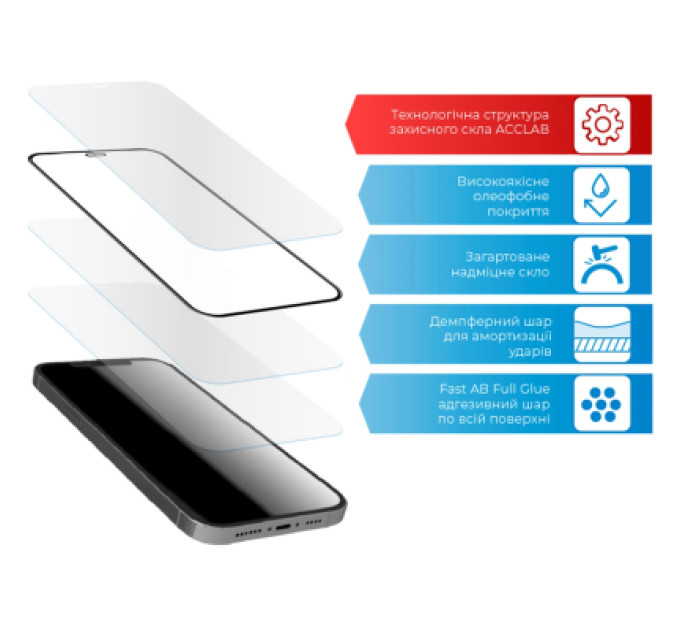 ACCLAB Скло захисне ACCLAB Full Glue Apple iPhone 13 Pro Max (1283126515422)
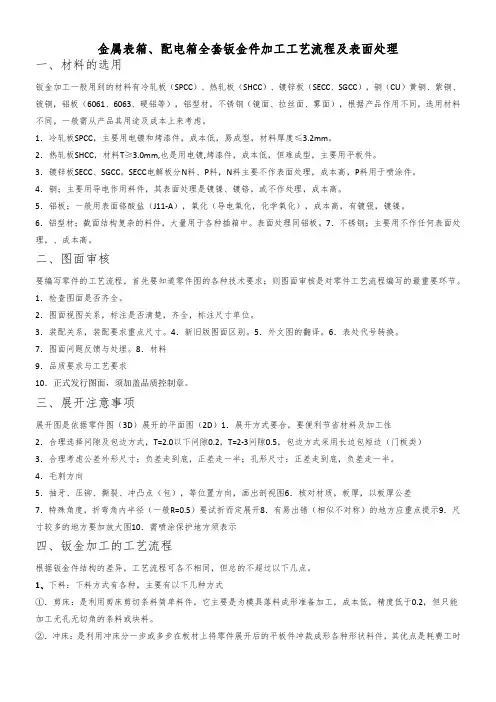 配电箱、金属表箱钣金加工工艺流程及表面处理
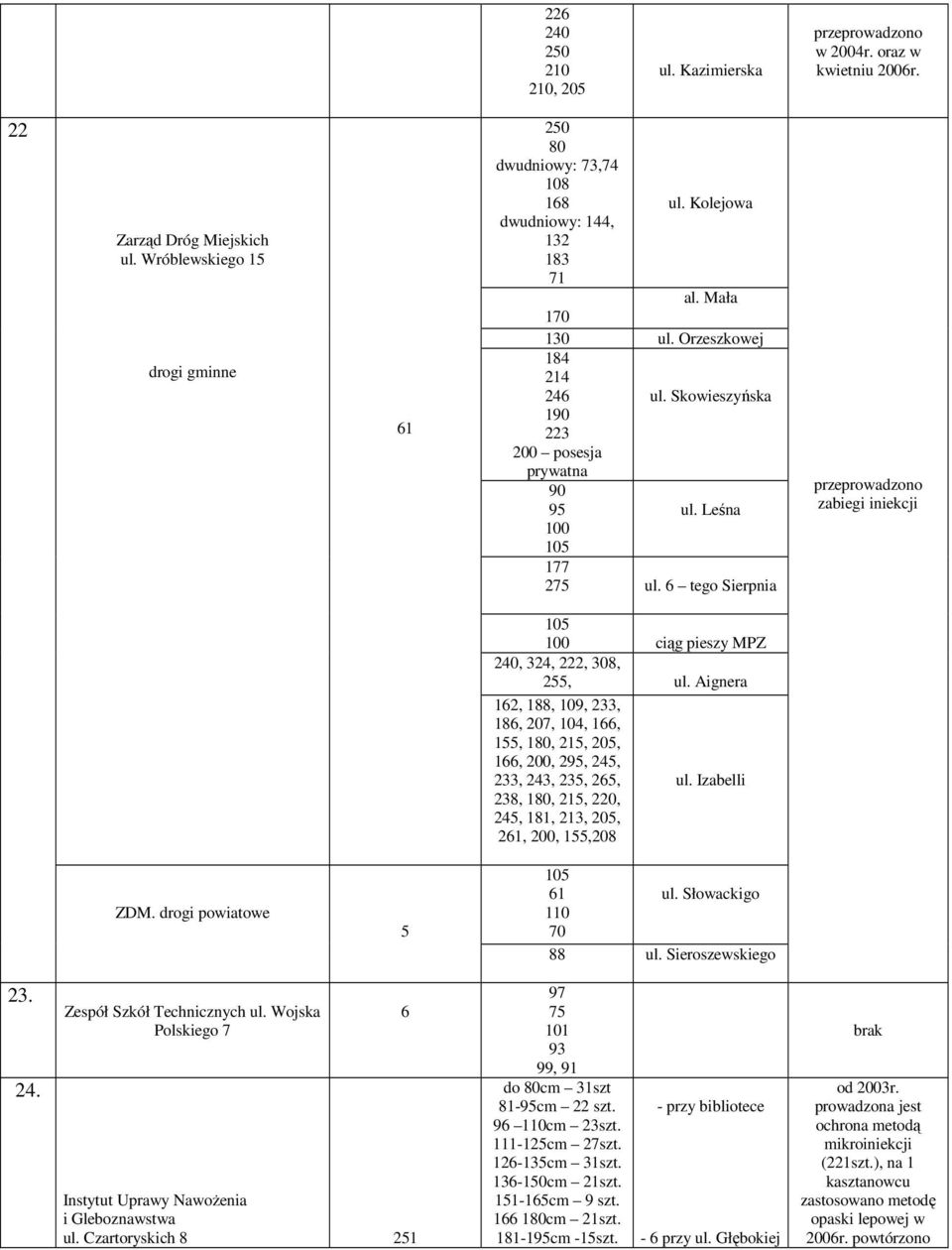 6 tego Sierpnia przeprowadzono zabiegi iniekcji 05 00 ciąg pieszy MPZ 40, 34,, 308, 55, ul. Aignera 6, 88, 09, 33, 86, 07, 04, 66, 55, 80, 5, 05, 66, 00, 95, 45, 33, 43, 35, 65, ul.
---
What this task involves | Print the material above verbatim except the pictures.

Exercise solution |
 ACCLAB Скло захисне ACCLAB Full Glue Apple iPhone 13 Pro Max (1283126515422)
 配电箱、金属表箱钣金加工工艺流程及表面处理
 6 tego Sierpnia przeprowadzono zabiegi iniekcji 05 00 ciąg pieszy MPZ 40, 34,, 308, 55, ul. Aignera 6, 88, 09, 33, 86, 07, 04, 66, 55, 80, 5, 05, 66, 00, 95, 45, 33, 43, 35, 65, ul.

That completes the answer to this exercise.